Galerie

U-Bahnbögen Pohl11

Pohlstraße 11, 10785 Berlin

Highlights

  • Seit 2001 nutzen Künstler, Handwerker und Jugendgruppen die 13 historischen U-Bahnbögen der Linie 1 als Ateliers und Freizeiträume.
  • Der Viadukt der U-Bahn-Linie 1 diente früher als ummauerte Lagerräume und entstand nach drei Bauphasen bis 2001.

Tipps

  • Die U-Bahnbögen Pohl11 bieten seit 2001 Raum für künstlerische und handwerkliche Projekte durch offene Ateliers und Werkstätten.
  • Die historischen Viaduktstrukturen der U-Bahn-Linie 1 wurden ursprünglich als Lagerräume genutzt, bevor sie für kulturelle Zwecke umgenutzt wurden.
  • Informationen zur historischen Bedeutung der Anlage und der Familie Pohl finden sich im Bereich ‚Geschichte‘ auf der offiziellen Website.

Eigenschaften

Bei Regen geeignet Bildung Kulturell Ganzjährig

Kunstgalerie U-Bahnbögen Pohl11 Berlin

Die U-Bahnbögen Pohl11 in Berlin sind ein einzigartiges Kulturprojekt, das aus den historischen Viadukten der legendären U-Bahn-Linie 1 entstanden ist. Die gewaltigen Betonbögen, die einst als Lagerräume dienten, wurden nach drei Bauphasen ab dem Jahr 2001 für kreative Zwecke umgewidmet. Heute bieten sie 13 offene Ateliers für Künstler, Handwerker und Jugendliche – ein lebendiger Ort zwischen Industrieerbe und moderner Kreativszene.

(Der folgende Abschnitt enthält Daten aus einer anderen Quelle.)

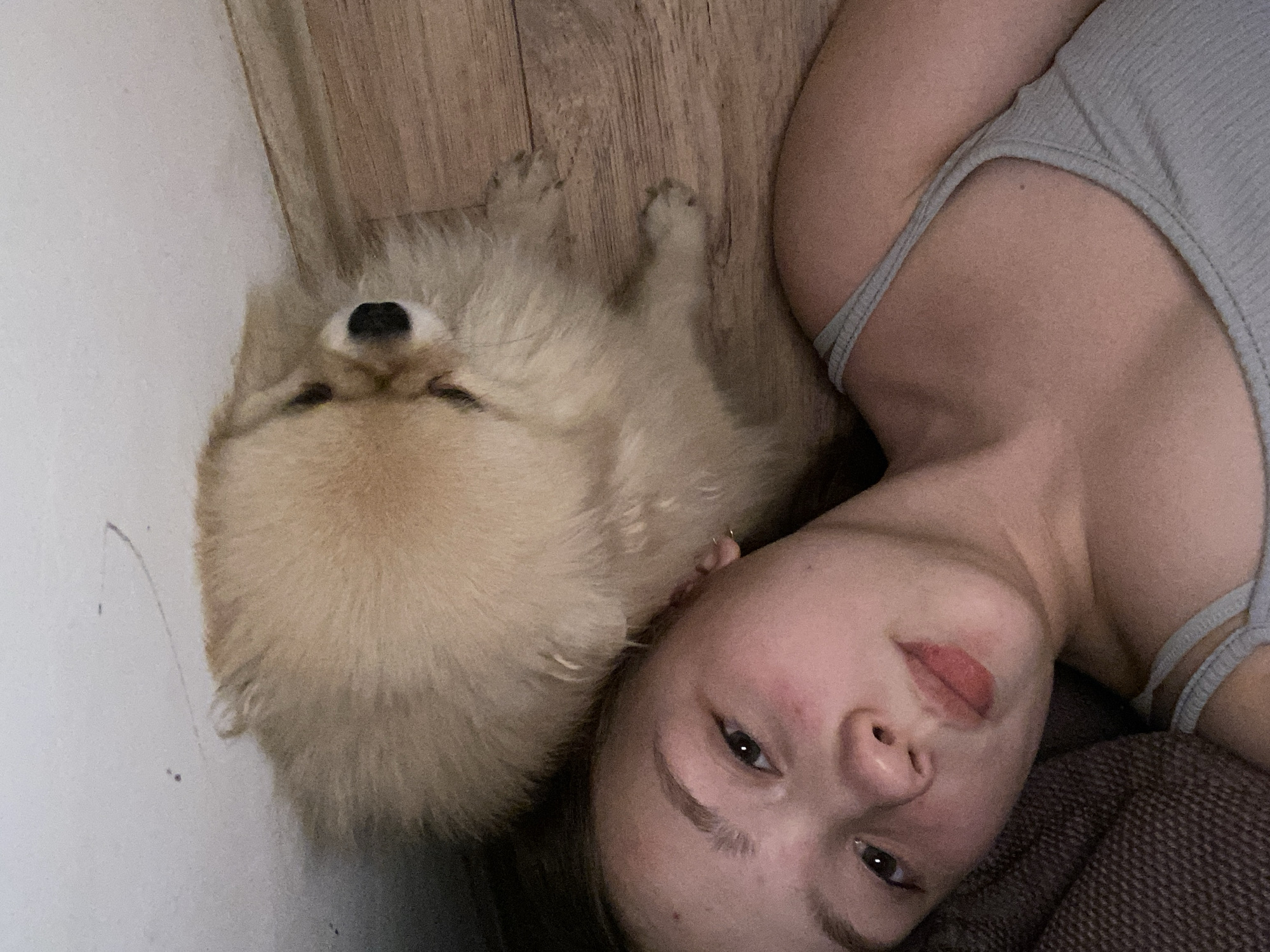 A light-skinned person with light brown hair is lying on a brown fabric surface, with a light brown Pomeranian dog lying next to the person on a wooden floor. The person is wearing a grey tank top. The room is indoors, with a white wall to the left and a wooden floor in the background. The location is unknown.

Der Name verweist auf die Familie Pohl, deren Geschichte eng mit dem Ort verbunden ist. Ottilie Pohl, geboren 1867 in der Niederlausitz, prägte mit ihrem politischen Engagement die Zeit um den Ersten Weltkrieg. Als Mitglied der USPD distanzierte sie sich von der alten Sozialdemokratie und unterstützte möglicherweise Widerstandskämpfer in ihrer Wohnung. Ihr Erbe spiegelt sich in der rebellischen, experimentellen Atmosphäre wider, die die Bögen bis heute ausstrahlen.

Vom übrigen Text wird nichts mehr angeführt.